Bars, restaurants challenge virus restrictions

HARRISBURG (AP) — Pennsylvania bar and restaurant owners said Tuesday they have been unfairly blamed for rising virus case numbers, challenging the Wolf administration to provide evidence and blasting the Democratic governor anew over pandemic restrictions they say will drive many of them out of business.

Wolf cited rising infection rates in some hot spots when he imposed a new round of restrictions on bars and restaurants two weeks ago. Occupancy was reduced from 50% to 25% capacity, and alcohol can only be served with meals.

Riki Tanaka, who owns three restaurants in lightly impacted McKean County, in the rural northwest, told a state House panel it makes no sense and “flat out isn’t fair” to lump eateries in his region with those in virus hot spots like Philadelphia and Pittsburgh.

He said no restaurant can survive under the limitations imposed by Wolf, noting he had to furlough dozens of workers.

“Give us a fighting chance,” he implored. “Let me operate my business.”

Tanaka and other restaurant owners and industry officials testified at a hearing arranged by House Republicans.
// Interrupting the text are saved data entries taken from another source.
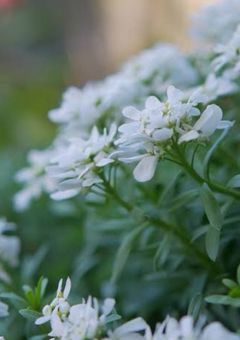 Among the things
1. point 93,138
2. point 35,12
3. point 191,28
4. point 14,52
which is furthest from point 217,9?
point 35,12

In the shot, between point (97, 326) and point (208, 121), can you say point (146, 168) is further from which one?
point (97, 326)

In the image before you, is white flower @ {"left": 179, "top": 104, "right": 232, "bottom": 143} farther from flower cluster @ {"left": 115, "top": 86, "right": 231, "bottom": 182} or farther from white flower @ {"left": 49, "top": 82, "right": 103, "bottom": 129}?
white flower @ {"left": 49, "top": 82, "right": 103, "bottom": 129}

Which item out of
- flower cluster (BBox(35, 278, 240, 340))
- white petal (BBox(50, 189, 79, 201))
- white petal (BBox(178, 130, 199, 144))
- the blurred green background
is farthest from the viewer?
the blurred green background

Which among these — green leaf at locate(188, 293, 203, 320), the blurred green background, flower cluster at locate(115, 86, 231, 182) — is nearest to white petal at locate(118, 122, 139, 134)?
flower cluster at locate(115, 86, 231, 182)

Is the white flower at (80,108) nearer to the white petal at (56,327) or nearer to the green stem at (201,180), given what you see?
the green stem at (201,180)

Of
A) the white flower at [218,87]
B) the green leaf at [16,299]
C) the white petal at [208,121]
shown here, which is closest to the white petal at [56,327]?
the green leaf at [16,299]

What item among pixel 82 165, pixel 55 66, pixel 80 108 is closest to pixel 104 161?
pixel 82 165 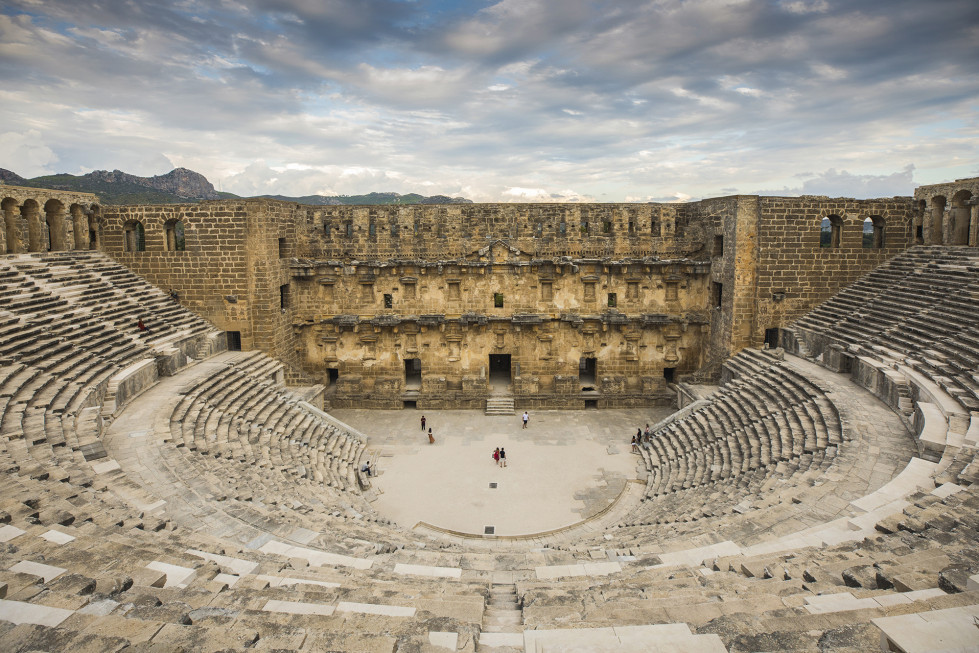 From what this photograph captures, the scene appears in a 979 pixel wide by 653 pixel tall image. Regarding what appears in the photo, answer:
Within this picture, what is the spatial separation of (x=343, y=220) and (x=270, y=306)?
503 centimetres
John Longstreet, head of the Pennsylvania Restaurant & Lodging Association, a trade group, said there is no proof that limiting restaurants to 25% capacity is more effective at preventing the spread of the virus than 50%. He warned that thousands of establishments are in danger of closing permanently without relief from the state.

The Department of Health has not released statewide statistics to support its contention that bars and restaurants are fueling higher case numbers. But contact tracing data compiled by Allegheny County — the epicenter of Pennsylvania’s rising case numbers in July — yielded evidence that employees and patrons at bars and restaurants helped drive the spread there, state health officials said.

“Limiting places where congregation occurs and masking is impossible (while eating and drinking) is a logical step to prevent further spread,” the health secretary, Dr. Rachel Levine, said in written testimony to the House panel.

As the restaurant and bar industry fights to survive Wolf’s latest round of coronavirus restrictions, indoor dining in Philadelphia will have to wait a little longer.

In a Tuesday news conference, Philadelphia Health Commissioner Thomas Farley cited rising case numbers and predicted the situation will be “worse before it gets better.”

The city pushed the restart of indoor dining to Sept. 1. It had originally said restaurants could offer indoor table service in early July, with social distancing measures and restrictions on seating and occupancy, before postponing that to August.


The Phillies’ game against the New York Yankees on Tuesday night was postponed for the second straight day amid coronavirus concerns in the wake of an outbreak involving another team.

Philadelphia manager Joe Girardi confirmed the decision in an interview with MLB Network Radio.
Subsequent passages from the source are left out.